China achieves biggest sci-tech progress in past decade: Minister

The past decade has witnessed China’s biggest progress in science and technology, with the country climbing to the 12th position on the global list of most innovative economies, up from the 34th place in 2012, a Chinese official said on Monday.

Wang Zhigang, Chinese minister of science and technology, made the remarks at a press briefing in Beijing, citing the Global Innovation Index released annually by the World Intellectual Property Organization (WIPO).

In 2021, China’s total expenditure on research and development (R&D) reached 2.79 trillion yuan (about $420 billion), the second-highest in the world. It accounted for 2.44 percent of the country’s gross domestic product (GDP), which was close to the average level of the OECD (Organization for Economic Co-operation and Development) countries, Wang said.

That’s up from the 1.03-trillion-yuan investment in R&D in 2012, which took up 1.91 percent of its GDP back then, according to Wang.

China’s funding for basic research is 3.4 times what it was ten years ago, reaching an all-time high for the country, Wang noted.

The country’s science and technology talent pool has also been growing over the past decade.

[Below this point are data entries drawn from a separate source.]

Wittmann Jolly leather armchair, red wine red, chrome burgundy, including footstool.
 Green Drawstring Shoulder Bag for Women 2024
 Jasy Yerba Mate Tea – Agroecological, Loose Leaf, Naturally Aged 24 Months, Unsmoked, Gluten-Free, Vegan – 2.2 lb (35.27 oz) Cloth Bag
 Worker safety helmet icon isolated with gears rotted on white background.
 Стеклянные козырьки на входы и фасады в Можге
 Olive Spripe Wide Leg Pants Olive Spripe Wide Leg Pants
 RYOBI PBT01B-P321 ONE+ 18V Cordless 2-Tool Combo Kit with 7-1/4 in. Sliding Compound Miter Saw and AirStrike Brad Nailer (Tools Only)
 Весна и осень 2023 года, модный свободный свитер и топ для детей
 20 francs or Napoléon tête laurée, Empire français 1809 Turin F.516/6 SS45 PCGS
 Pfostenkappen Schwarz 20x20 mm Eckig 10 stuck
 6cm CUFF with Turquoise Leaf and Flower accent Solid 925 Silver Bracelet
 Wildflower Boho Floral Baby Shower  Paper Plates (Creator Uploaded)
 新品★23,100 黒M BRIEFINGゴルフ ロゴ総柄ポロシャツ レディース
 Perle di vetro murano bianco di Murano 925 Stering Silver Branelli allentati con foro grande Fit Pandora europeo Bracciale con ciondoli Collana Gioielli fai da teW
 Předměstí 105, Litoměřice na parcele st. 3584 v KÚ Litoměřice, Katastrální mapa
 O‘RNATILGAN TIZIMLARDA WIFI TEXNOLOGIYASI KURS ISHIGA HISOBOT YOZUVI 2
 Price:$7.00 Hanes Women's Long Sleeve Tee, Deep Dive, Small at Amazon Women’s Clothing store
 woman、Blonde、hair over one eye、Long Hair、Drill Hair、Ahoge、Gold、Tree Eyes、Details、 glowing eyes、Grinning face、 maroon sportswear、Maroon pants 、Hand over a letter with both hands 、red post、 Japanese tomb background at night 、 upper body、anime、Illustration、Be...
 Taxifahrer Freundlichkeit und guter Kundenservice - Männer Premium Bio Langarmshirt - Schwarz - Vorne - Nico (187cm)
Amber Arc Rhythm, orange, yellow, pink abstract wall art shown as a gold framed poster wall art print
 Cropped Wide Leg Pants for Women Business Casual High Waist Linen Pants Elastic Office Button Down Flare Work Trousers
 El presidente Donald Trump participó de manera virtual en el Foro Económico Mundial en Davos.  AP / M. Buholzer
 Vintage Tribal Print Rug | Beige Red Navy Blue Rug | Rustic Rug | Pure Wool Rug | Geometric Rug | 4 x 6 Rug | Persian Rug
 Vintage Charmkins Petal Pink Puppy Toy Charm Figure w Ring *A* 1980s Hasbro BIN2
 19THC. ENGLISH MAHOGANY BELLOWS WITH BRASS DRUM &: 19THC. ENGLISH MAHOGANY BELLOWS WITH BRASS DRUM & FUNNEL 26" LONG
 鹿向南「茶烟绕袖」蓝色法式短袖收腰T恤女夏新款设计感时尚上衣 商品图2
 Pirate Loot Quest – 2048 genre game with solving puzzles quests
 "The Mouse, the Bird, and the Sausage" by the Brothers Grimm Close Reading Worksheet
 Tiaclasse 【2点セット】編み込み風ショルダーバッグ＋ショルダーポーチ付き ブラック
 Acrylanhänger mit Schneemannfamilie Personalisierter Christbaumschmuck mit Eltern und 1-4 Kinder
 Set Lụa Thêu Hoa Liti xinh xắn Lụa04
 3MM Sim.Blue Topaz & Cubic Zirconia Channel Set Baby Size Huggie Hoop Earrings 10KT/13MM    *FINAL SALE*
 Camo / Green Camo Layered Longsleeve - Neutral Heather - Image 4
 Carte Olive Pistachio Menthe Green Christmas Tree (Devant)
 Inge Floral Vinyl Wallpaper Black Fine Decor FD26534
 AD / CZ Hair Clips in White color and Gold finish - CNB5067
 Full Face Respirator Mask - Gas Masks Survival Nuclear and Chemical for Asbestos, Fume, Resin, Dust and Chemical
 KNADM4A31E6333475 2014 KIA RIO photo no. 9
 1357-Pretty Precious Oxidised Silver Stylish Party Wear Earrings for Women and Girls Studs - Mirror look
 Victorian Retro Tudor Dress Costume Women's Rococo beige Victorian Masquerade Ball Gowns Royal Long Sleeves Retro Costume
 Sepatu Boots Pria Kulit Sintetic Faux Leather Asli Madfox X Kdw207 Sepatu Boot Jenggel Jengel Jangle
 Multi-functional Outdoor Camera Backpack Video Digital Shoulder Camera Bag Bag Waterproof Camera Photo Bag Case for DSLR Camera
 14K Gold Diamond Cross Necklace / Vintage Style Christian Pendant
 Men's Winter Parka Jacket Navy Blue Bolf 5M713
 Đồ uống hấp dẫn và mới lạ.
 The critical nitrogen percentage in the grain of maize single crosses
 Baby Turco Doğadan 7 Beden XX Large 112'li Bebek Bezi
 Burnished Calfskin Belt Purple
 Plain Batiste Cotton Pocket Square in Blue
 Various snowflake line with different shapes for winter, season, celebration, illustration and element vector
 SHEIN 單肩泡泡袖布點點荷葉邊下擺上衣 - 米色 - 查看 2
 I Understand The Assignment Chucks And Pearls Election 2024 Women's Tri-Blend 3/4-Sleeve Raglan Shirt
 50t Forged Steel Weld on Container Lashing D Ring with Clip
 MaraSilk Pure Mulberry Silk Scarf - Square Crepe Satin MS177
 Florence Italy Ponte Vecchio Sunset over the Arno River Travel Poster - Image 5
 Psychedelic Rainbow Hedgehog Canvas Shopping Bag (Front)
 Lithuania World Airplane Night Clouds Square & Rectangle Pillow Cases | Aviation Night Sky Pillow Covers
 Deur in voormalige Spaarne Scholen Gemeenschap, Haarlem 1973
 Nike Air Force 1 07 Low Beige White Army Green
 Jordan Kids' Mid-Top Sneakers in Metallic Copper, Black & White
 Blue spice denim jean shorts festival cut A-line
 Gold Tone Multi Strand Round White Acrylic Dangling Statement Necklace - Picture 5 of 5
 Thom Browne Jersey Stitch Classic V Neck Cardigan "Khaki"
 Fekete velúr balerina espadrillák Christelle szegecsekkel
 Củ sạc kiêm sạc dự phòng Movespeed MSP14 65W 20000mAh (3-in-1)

In 2021, China’s R&D manpower reached 5.62 million man-years, which was the highest globally and 1.7 times that of 2012, he said.

In 2021, China’s turnover of technology contracts reached 3729.4 billion yuan, 5.8 times that of 2012, accounting for 3.26 percent of the country’s GDP.

The number of invention patents owned by every 10,000 people rose to 19.1 in 2021 from 3.2 in 2012.

The proportion of scientifically literate citizens in the country increased from 3.27 percent in 2010 to 10.56 percent in 2020.

Open wider to the world

China will open wider to the world in science and technology, exchange and cooperate with more countries, and make more contributions to the world’s scientific and technological progress and sustainable development, Wang said.

Wang said openness and cooperation are intrinsic to the development of science and technology and indispensable to addressing global challenges.

China pursues an open, inclusive and mutually beneficial international cooperation strategy in science and technology, which leads to cooperation with 161 countries and regions, Wang added.

World-leading scientific and technological infrastructure such as the Five-hundred-meter Aperture Spherical Radio Telescope (FAST) is open to all scientists, domestic or not. “The FAST has provided observation service to 27 scientific projects in 14 countries around the world,” said Hou Jianguo, head of the Chinese Academy of Sciences (CAS).

China just launched the Shenzhou-14 crewed spaceship on Sunday, sending three taikonauts for a six-month mission to help complete the construction of the country’s space station by the end of this year.

Since last year, the country has successfully launched the Tianhe core module, three Tianzhou cargo ships and carried out two manned missions to construct the space station.

With the International Space Station set to retire in the coming years, China’s space station will become the only one orbiting the Earth. Officials from the China National Space Administration have expressed willingness for international cooperation and for non-Chinese astronauts to participate in the country’s future space station missions.